If you go “AWWWWW” every time you see a pudgy, drooling baby in a stroller, the documentary Babies will have you doing it for a good hour and a half. As four babies from four different countries invite you to observe their first steps, their fascination and curiosity with the world around them make for a surprisingly original and deeply engaging story that depicts the universal incidents of childhood in strikingly different cultures.
As Babies travels from the dusty reds of Namibia to the stretching mountains of Mongolia, across the sprawling city of Tokyo and the neat suburbs of San Francisco, there is always something to look at in this French documentary by Thomas Balmes. With no subtitles for the parents, and of course, no way of knowing what the babies mean when they gurgle sounds, Babies forces the viewer to translate the film for themselves, relying on the pure images and gestures of these small wonders to piece together interesting insights into early childhood behaviour and how our surrounding environment shape our lives in such unique ways.
Thought-provoking in its sheer ability to let the camera roll around these intriguing little characters, Babies captures the sense of wonder babies have in everything they touch, see and grab, taking the audience back to the simple joys of having a childlike sense of curiosity in a way that doesn’t require an overbearing narrator or too much adult intervention to tell a story.

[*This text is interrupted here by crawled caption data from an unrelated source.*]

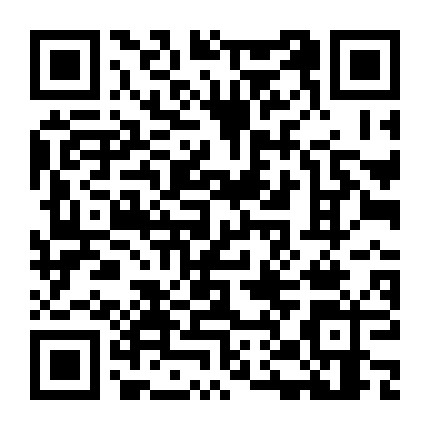 卢美华营养师微信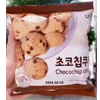 Ʒţ110394
ƷƣMT죺ºɿ80G	
Ʒۣ<font color='red'>½Ա鿴
</font>ԭأ
Ʒ룺#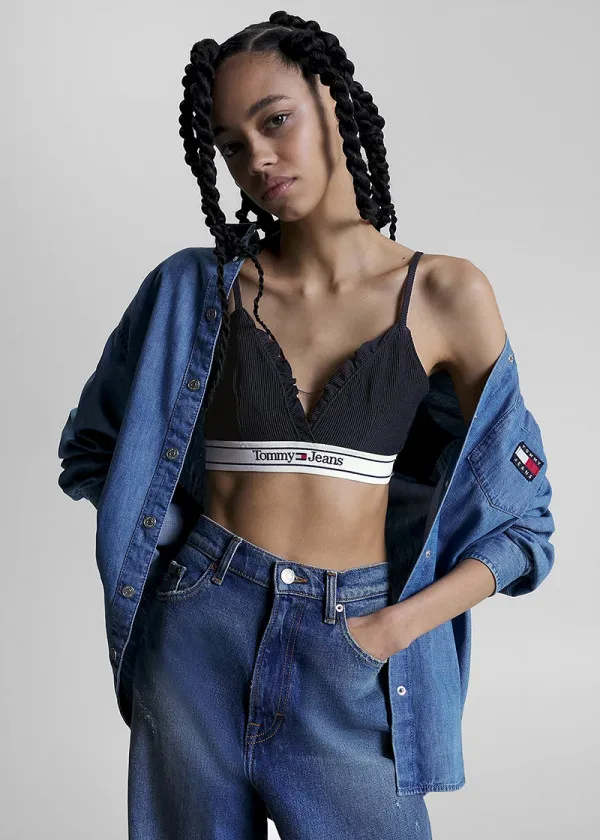 СПОРТСКИ ГРАДНИК 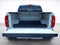 2016 Chevrolet Colorado 4WD Z71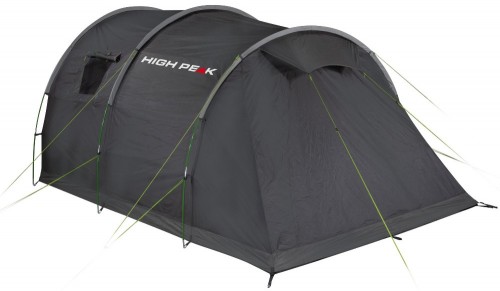 High Peak Torri 4.0
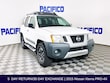 Nissan Xterra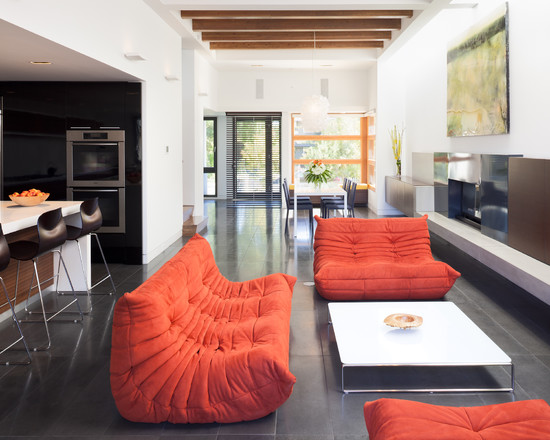 contemporary-living-room (1)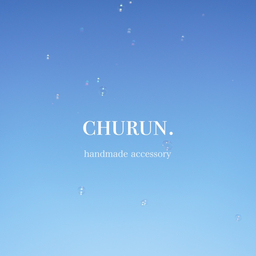 CHURUN.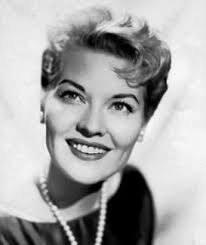 The Fabulous Fifties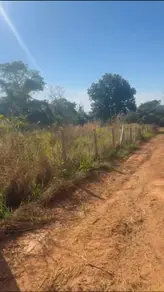 Imagem 3 - Chácara em Vale das Fontes Quentes, Caldas Novas - GO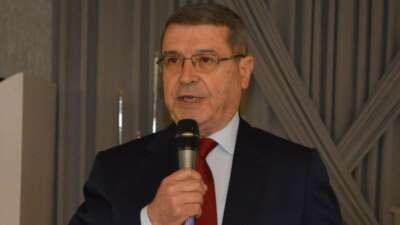 Bursa Esnaf ve Sanatkarlar Odaları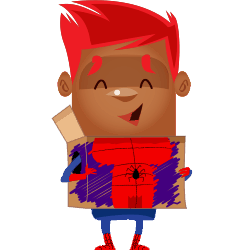 Avatar de samsam02
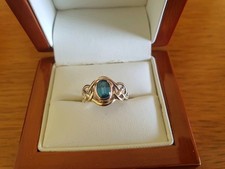 Clogau pretty rare for sale  NEWPORT
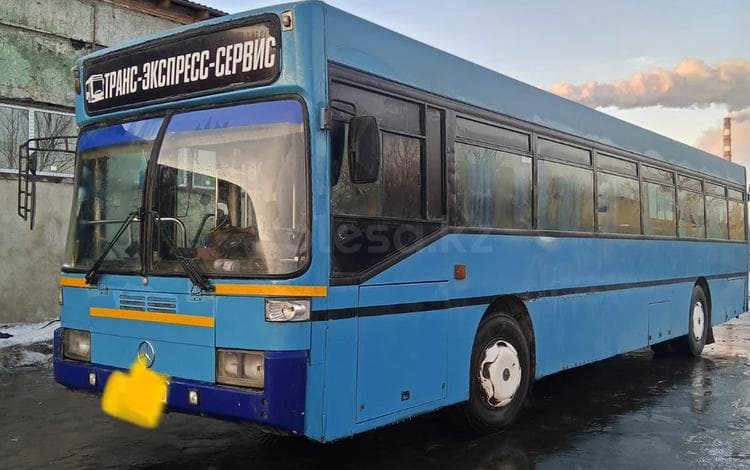 Mercedes-Benz O 405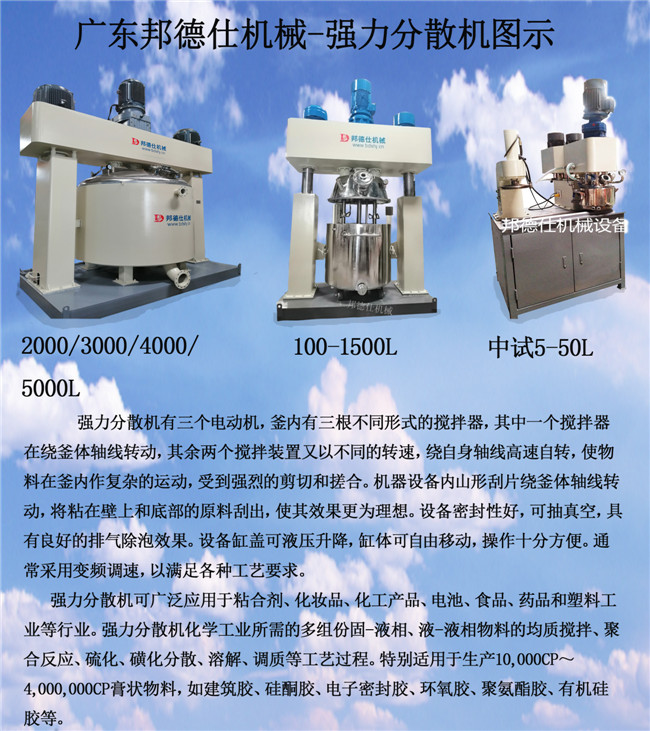 1587023223571754.jpg 微信图片_20200228162635.jpg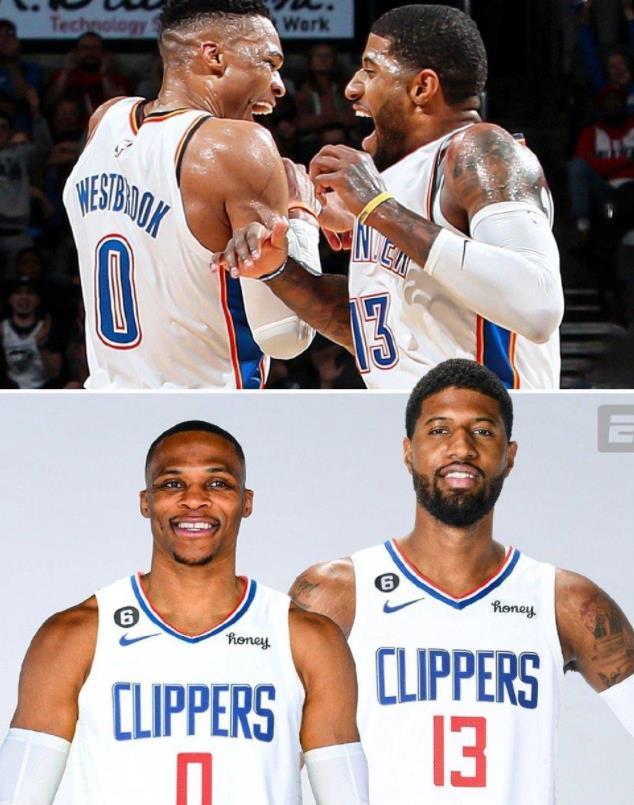 而非频繁押 而非频繁押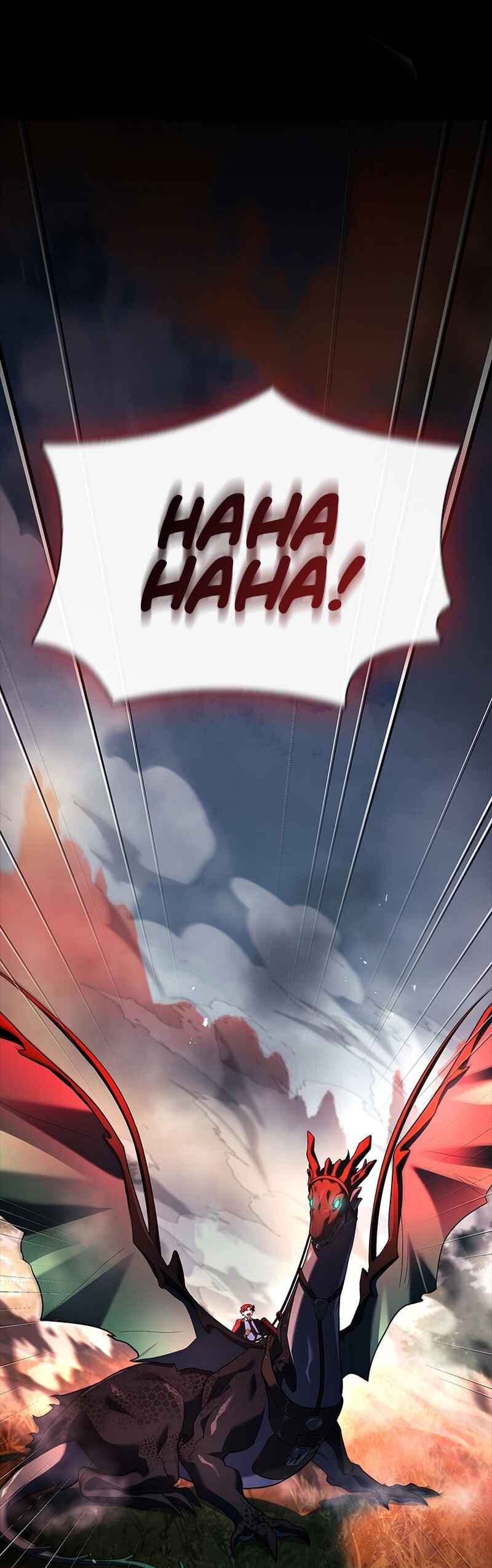 The Legendary Hero is an Academy Honors Student Chapter 27 - Page 5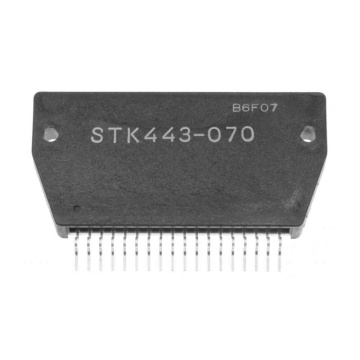 STK443-070 Sanyo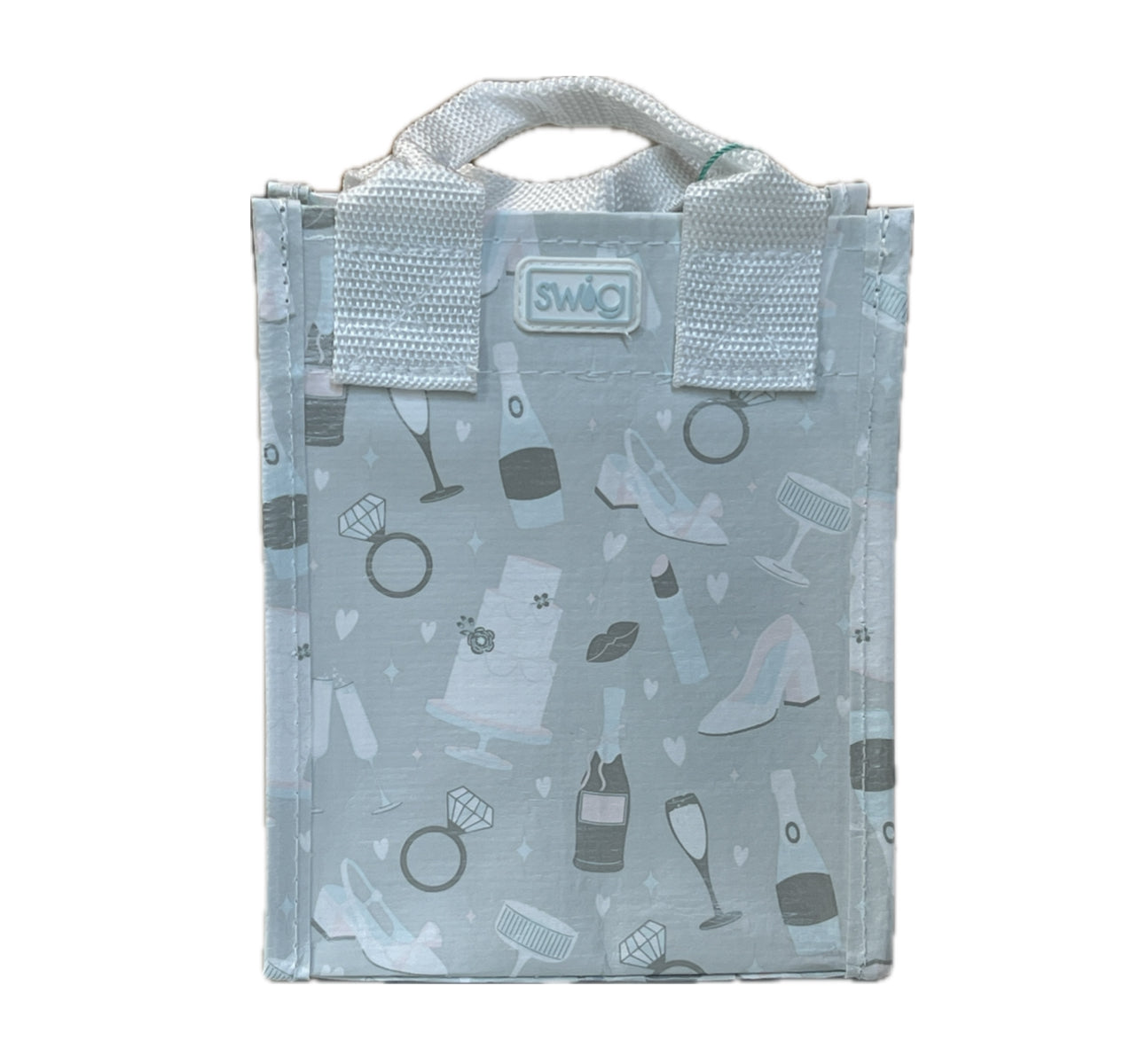 Swig Reusable Mini Gift Bag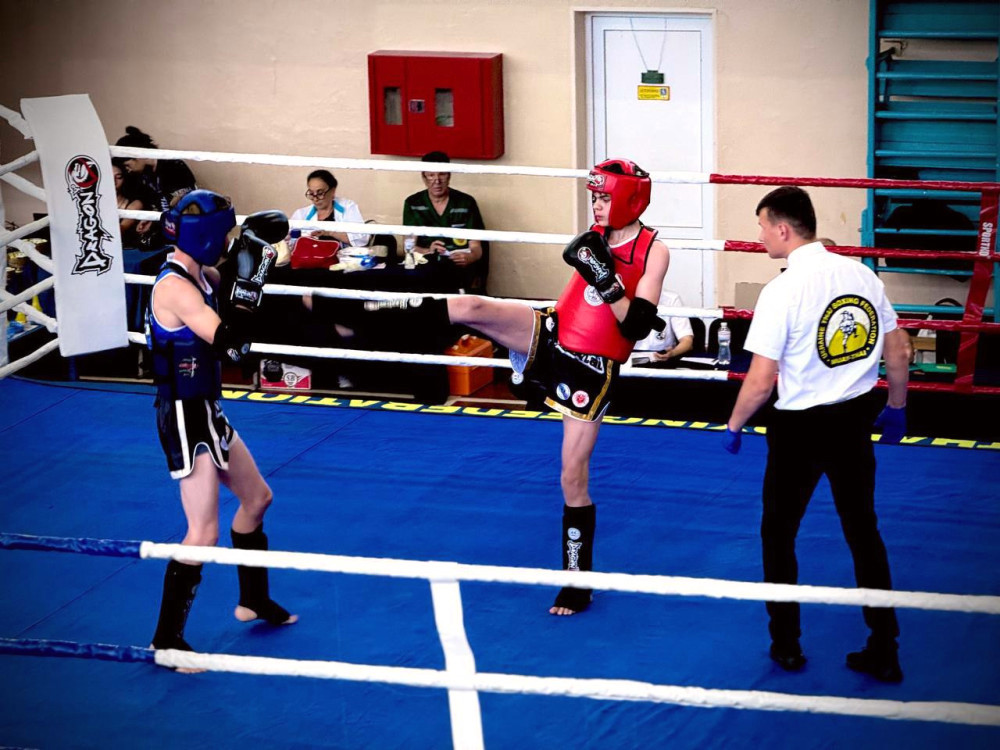 4595 image for slide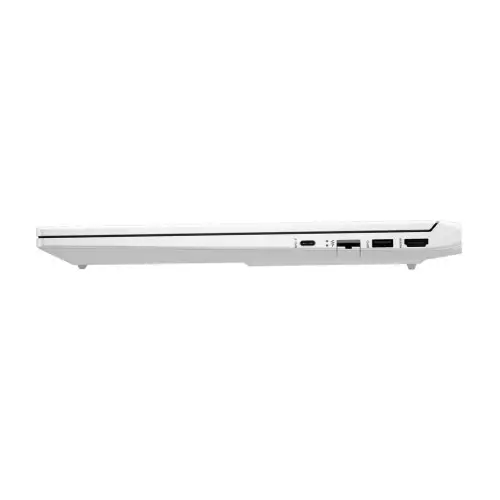 HP Victus 15-fb1053AX Ryzen 5 7535HS, 15.6-inch FHD 144Hz Gaming Laptop-3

While their stumbles, their discontent and their contact with odd household animals (goats and chickens included) are the most involving and engaging aspect of Babies, the kidlets that star in this film also participate in intensely rich images of the environment they’re growing up in, bringing life and animation to eye-catching scenes that give the film a painterly and photographic snapshot-like quality.
But for those who get bored babysitting, or have an aversion to these alien-like creatures, the lack of a conventional script and dialogue will prove to be as painful as sitting in a waiting room of a maternity ward. Your reaction to the title should be enough of an indication as to whether you’ll like this film or not.